Print version ISSN 0101-2800On-line version ISSN 2175-8239

J. Bras. Nefrol. vol.38 no.4 São Paulo Oct./Dec. 2016 

Review Article

An update on pathology of IgA nephropathy

Maria Fernanda Soares1 

1Universidade Federal do Paraná.


IgA Nephropathy (IgAN) is the commonest of the glomerular diseases in the world. Its progression rate of 30-40% of the cases em 20-30 years makes IgAN an important healthcare issue in Nephrology. Diagnosis of IgAN depends on biopsy findings, particularly at immunofluorescence microscopy. The frequence of IgAN diagnosis is variable in different populations and depends on screening and biopsy indication policies. IgAN pathogenesis is considered multifactorial; its primordial defect is the production of galactosis-deficient IgA molecules. This review paper discusses the most uptodate aspects of the pathogenesis, pathological classification and clinical implications of IgAN.

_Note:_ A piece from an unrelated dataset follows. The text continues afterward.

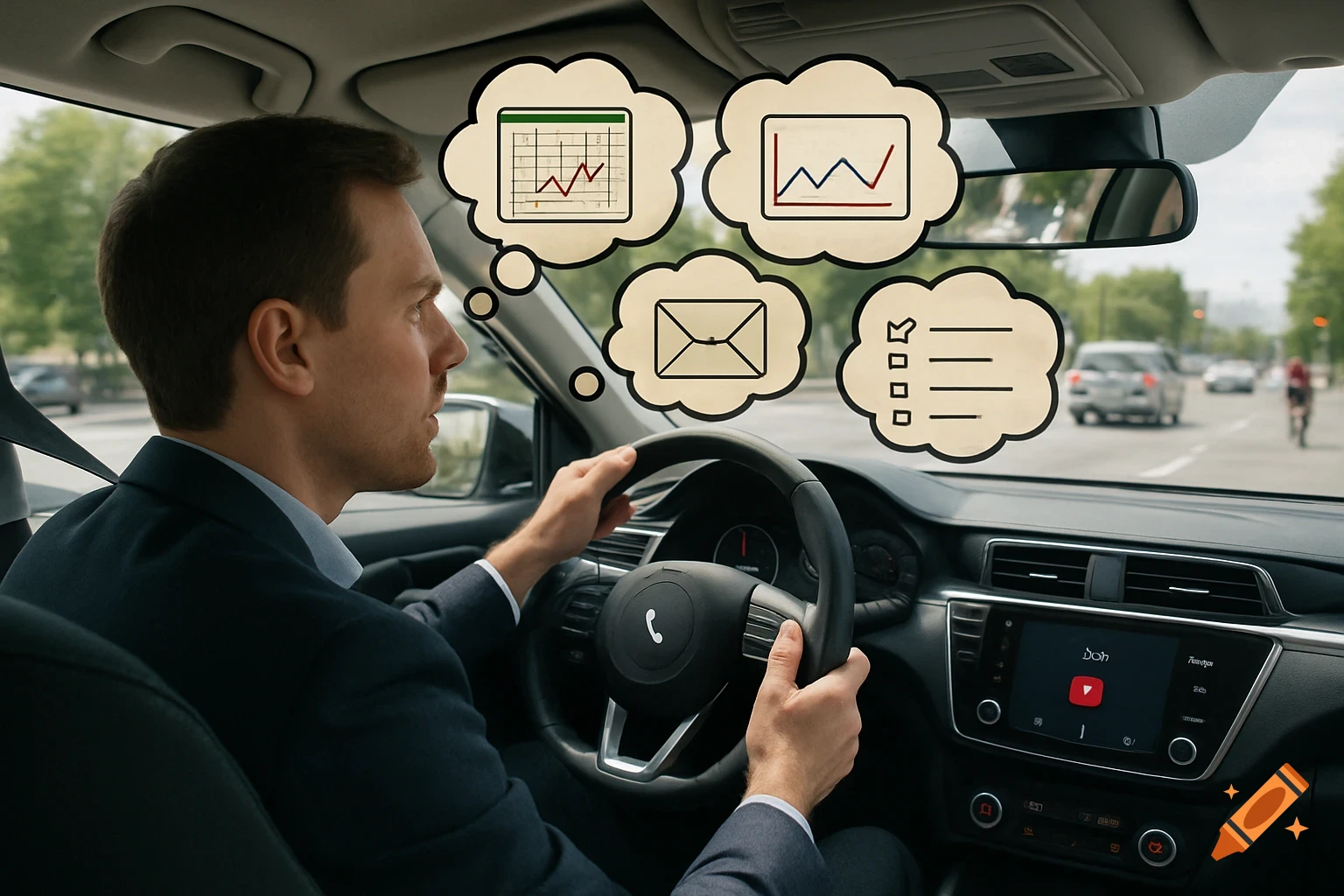 A man in a suit drives a car, with thought bubbles above his head containing icons representing charts, email, and a to-do list.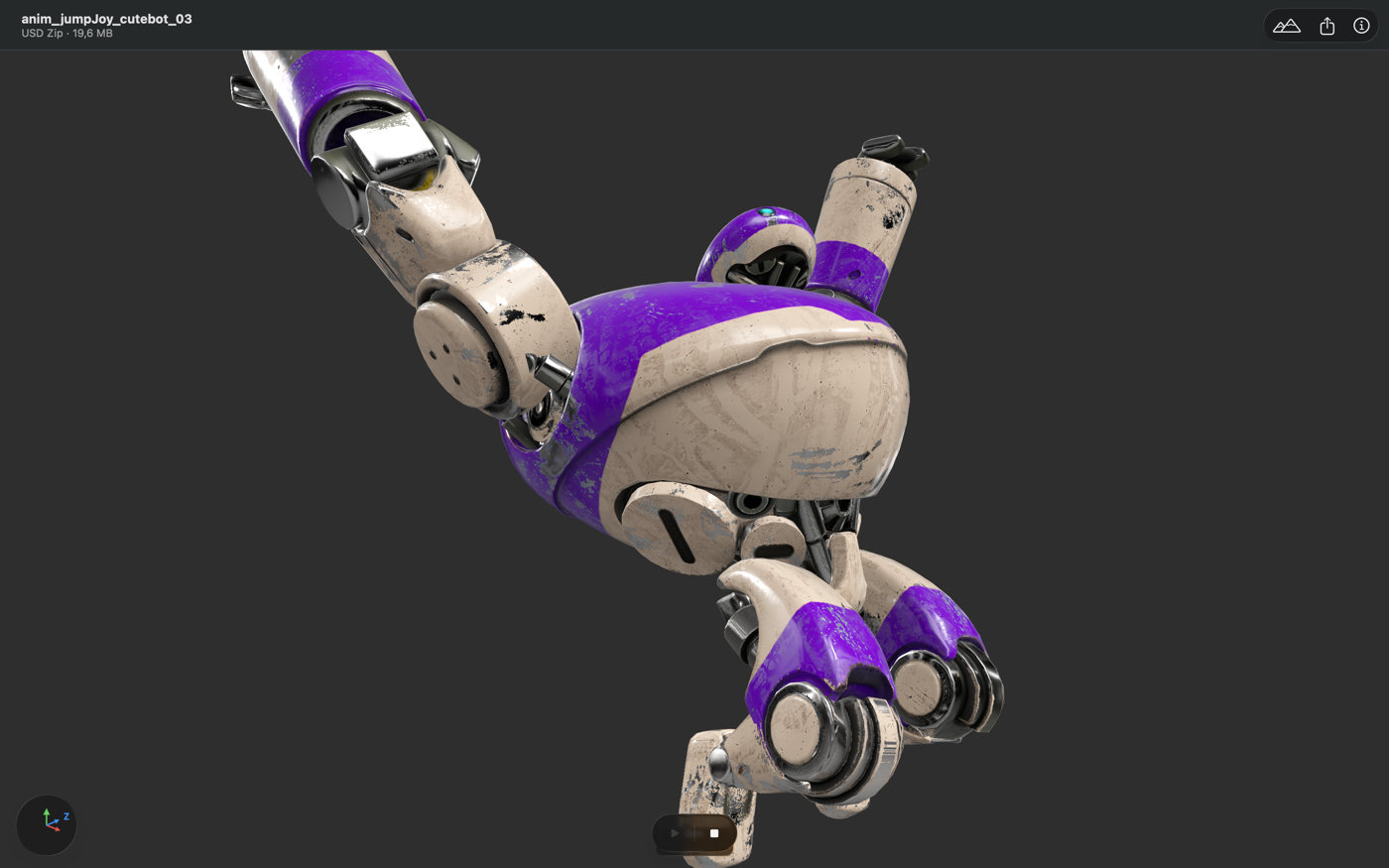 Animated robot model in dynamic pose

Keywords: glomerulonephritis; glomerulonephritis, IGA; immunoglobulin A; pathology


IgA Nephropathy (IgAN) is a primary renal disease, or part of the syndrome of Henoch-Schoenlein Purpura, or secondary to a series of extrarrenal conditions, namely liver and gastrointestinal diseases. It was first recognised in 1968, when Berger and Hinglais reported the association of hematuria, proteinuria and upper respiratory tract infections.1 Renal biopsy samples of affected patients showed variable light microscopy changes, apart from proliferative and exsudative glomerulonephritis.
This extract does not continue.